60,000 84x84 images from 100 classes, each with 600 examples. There are 80 classes in the training set and 20 in the test set. Much harder than Omniglot.

Introduced in Vinyals et al. (2016).

Few-shot learning

Classification where only a few (normally < 20) members of that class have been seen before.

One-shot learning

Classification where only one member of that class has been seen before. Matching Networks achieve 93.2% top-5 accuracy on ImageNet compared to 96.5% for Inception v3.

Semi-supervised learning

Training using a limited set of labelled data and a (usually much larger) set of unlabelled data.

Ladder Network

A network designed for semi-supervised learning that also works very well for permutation invariant MNIST.

Simultaneously minimize the sum of supervised and unsupervised cost functions by backpropagation, avoiding the need for layer-wise pre-training. The learning task is similar to that of a denoising autoencoder, but minimizing the reconstruction error at every layer, not just the inputs. Each layer contributes a term to the loss function.

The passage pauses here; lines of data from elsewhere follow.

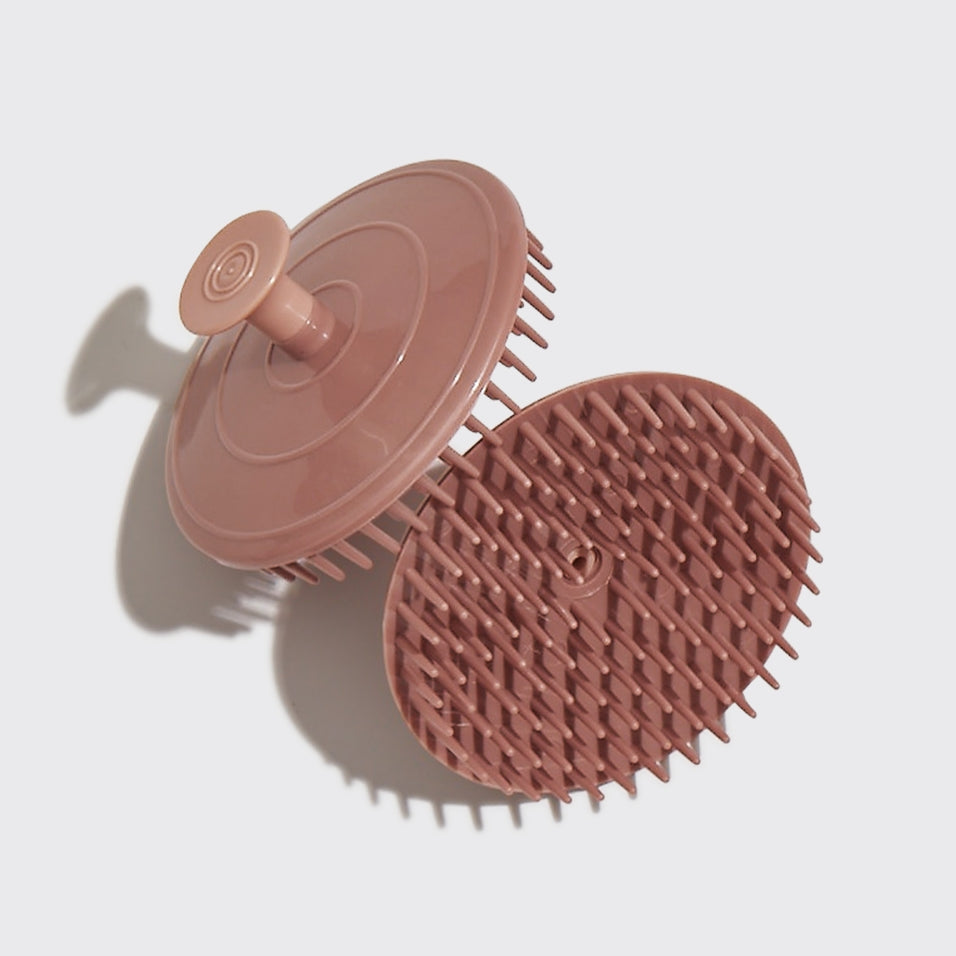 Scalp exfoliator with soft flexible bristles in a compact black handle made from recycled materials.
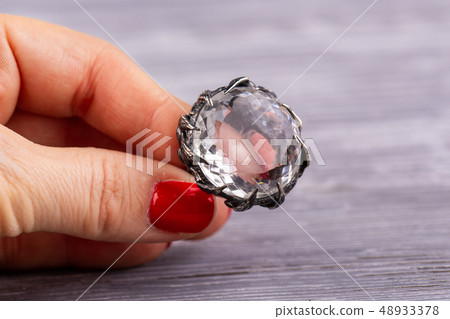 Mountain crystal in a silver facet Mountain crystal in a silver facet 48933378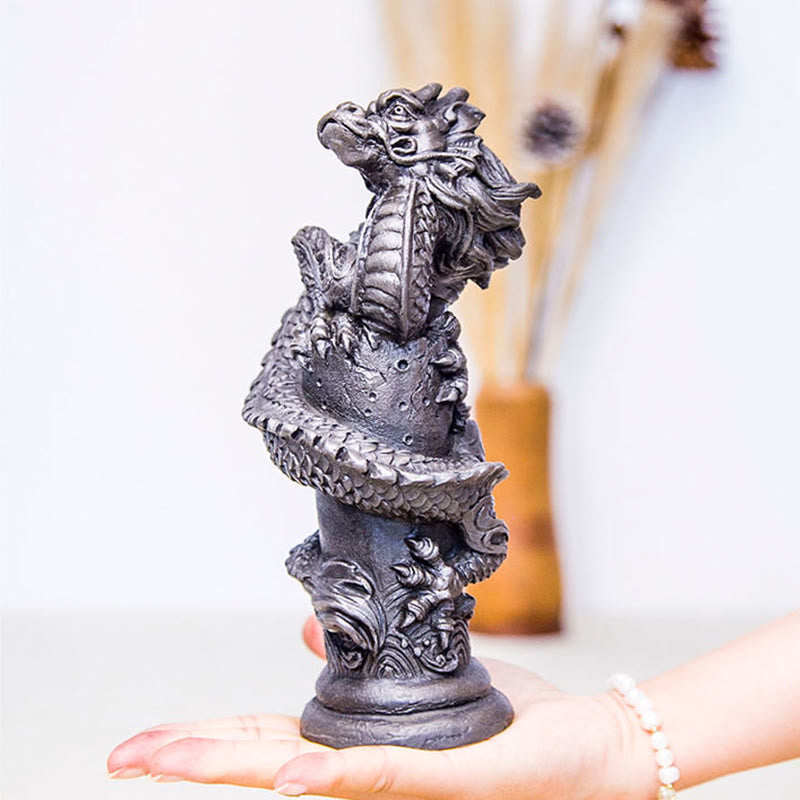 Flying Dragon Pillar Resin Statue – hand-held showing pearl bracelet and tabletop size, metallic silver dragon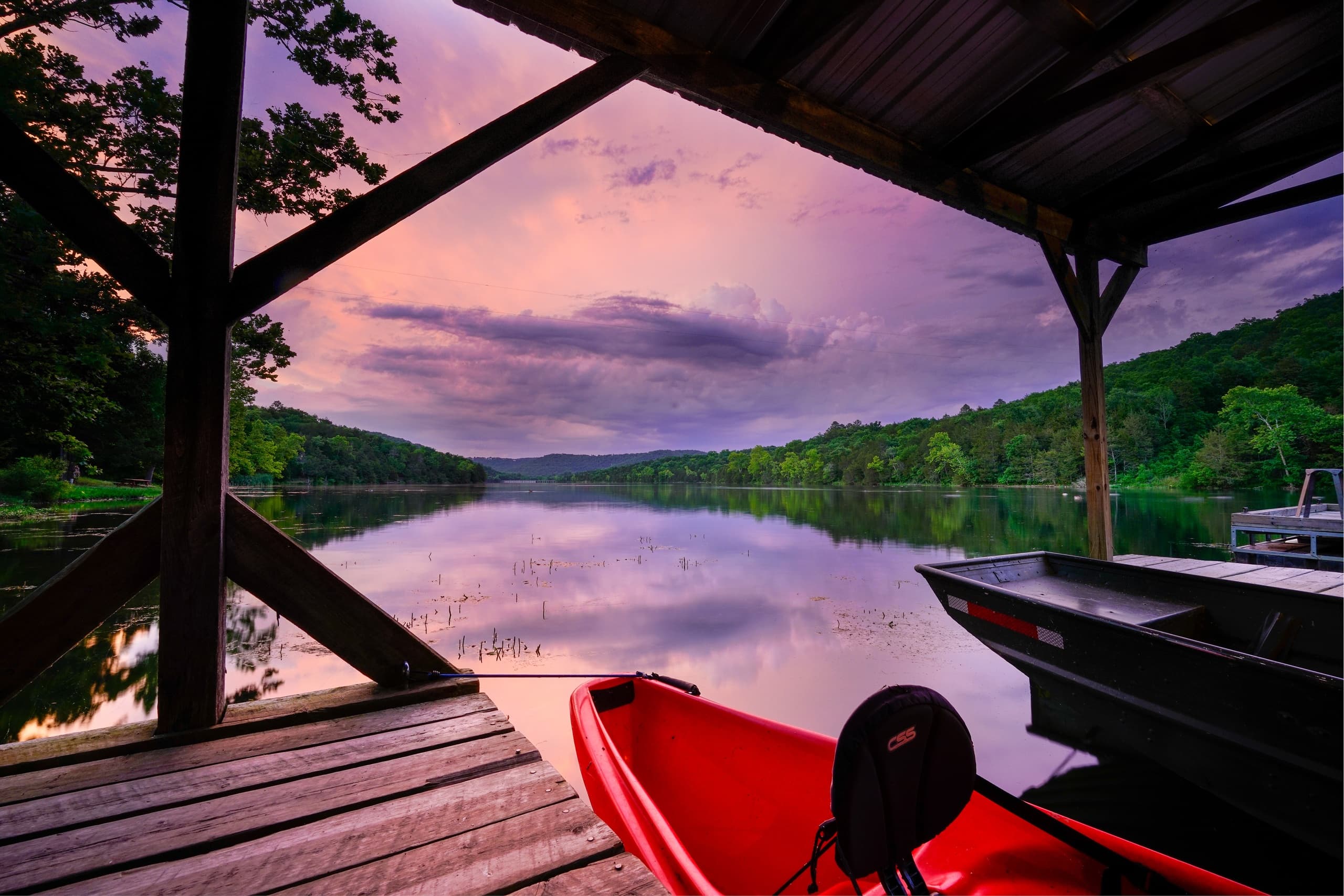 Kayak at lakeside dock at sunset, tranquil water and sky views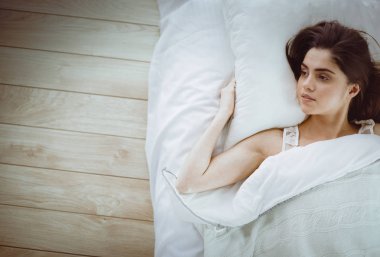 Güzel bir kadın yatağında uzanıyor.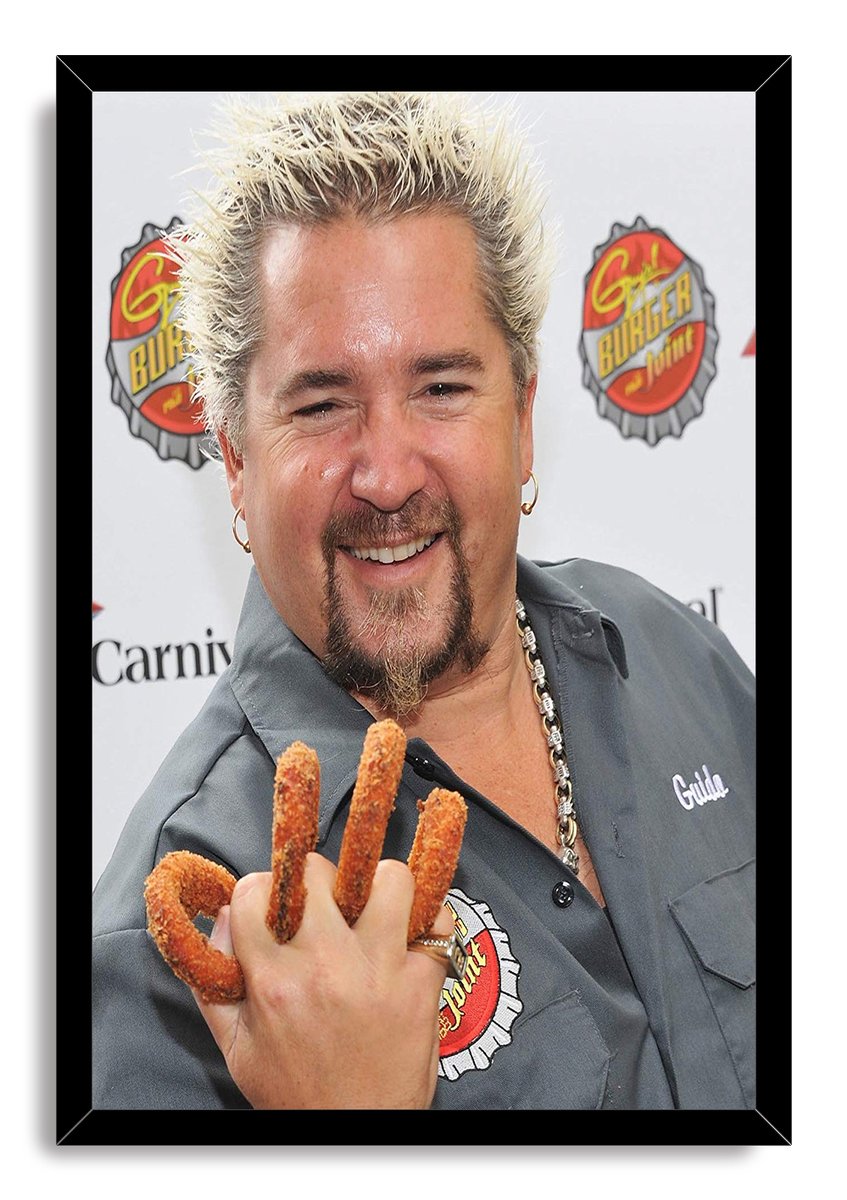 Guy Fieri framed wall art print depicts the chef smiling with spiky blond hair and fried snacks on his fingers in a black frame.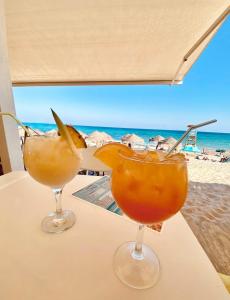 La HoradadaにあるAppartement Mil palmerasのビーチを背景にテーブルの上でカクテル2杯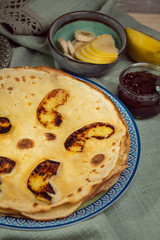 Cooked crepes folded on a plate with jam and apples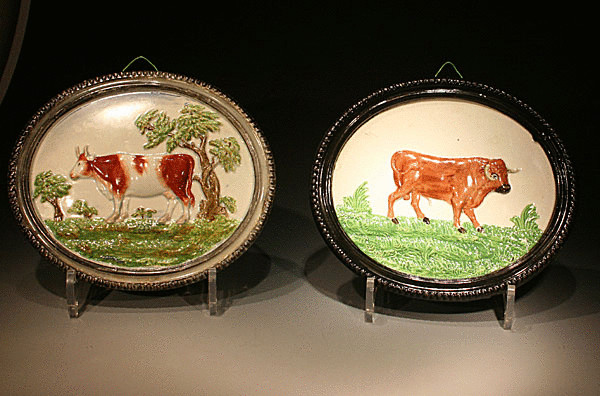 ANTIQUE STAFFORDSHIRE POTTERY PLAQUES OF A BULL AND COW C1820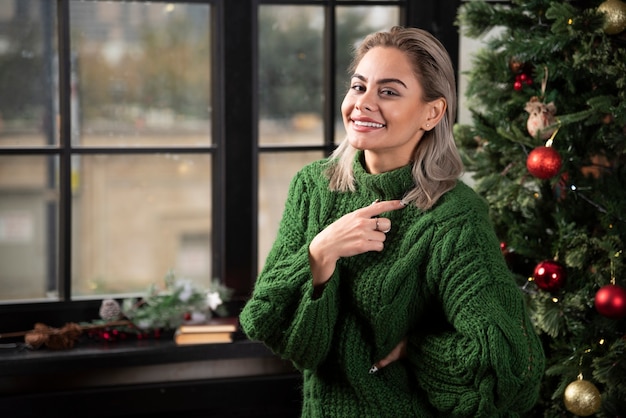 Foto grátis uma mulher sorridente, vestindo um suéter verde, se passando perto da árvore de natal.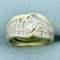 Vintage Round And Baguette Diamond Engagement Ring In 14k Yellow And White Gold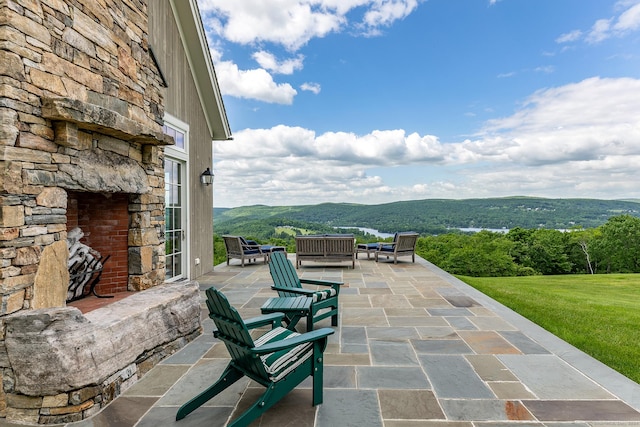 view of patio with a mountain view and an outdoor living space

The architecture is an autoencoder with skip-connections from the encoder to the decoder. Can work with both fully-connected and convolutional layers.

There are two encoders - one for clean and one for noisy data. The clean one is used to predict labels and get the supervised loss. The noisy one links with the decoder and helps create the unsupervised losses. Both encoders have the same parameters.

The loss is the sum of the supervised and the unsupervised losses. The supervised cost is the cross-entropy loss as normal. The unsupervised cost (reconstruction error) is the squared difference.

The hyperparameters are the weight for the denoising cost of each layer as well as the amount of noise to be added within the corrupted encoder.

Achieved state of the art performance for semi-supervised MNIST and CIFAR-10 and permutation invariant MNIST.

Semi-Supervised Learning with Ladder Networks, Rasmus et al. (2015)

Self-training

Method for semi-supervised learning. A model is trained on the labelled data and then used to classify the unlabelled data, creating more labelled examples. This process then continues iteratively. Usually only the most confident predictions are used at each stage.

Unsupervised pre-training

Layers are first trained using an auto-encoder and then fine tuned over labelled data. Improves the initialization of the weights, making optimization faster and reducing overfitting. Most useful in semi-supervised learning.

Transfer learning

The process of taking results (usually weights) that have been obtained on one dataset and applying them to another to improve accuracy on that one.

Useful for reducing the amount of training time and data required.

Zero-shot learning

Learning without any training examples. This is made possible by generalising from a wider dataset.

An example is learning to recognise a cat having only read information about them - no images of cats are seen. This could be done by using Wikipedia with a dataset like ImageNet to learn a joint embedding between words and images.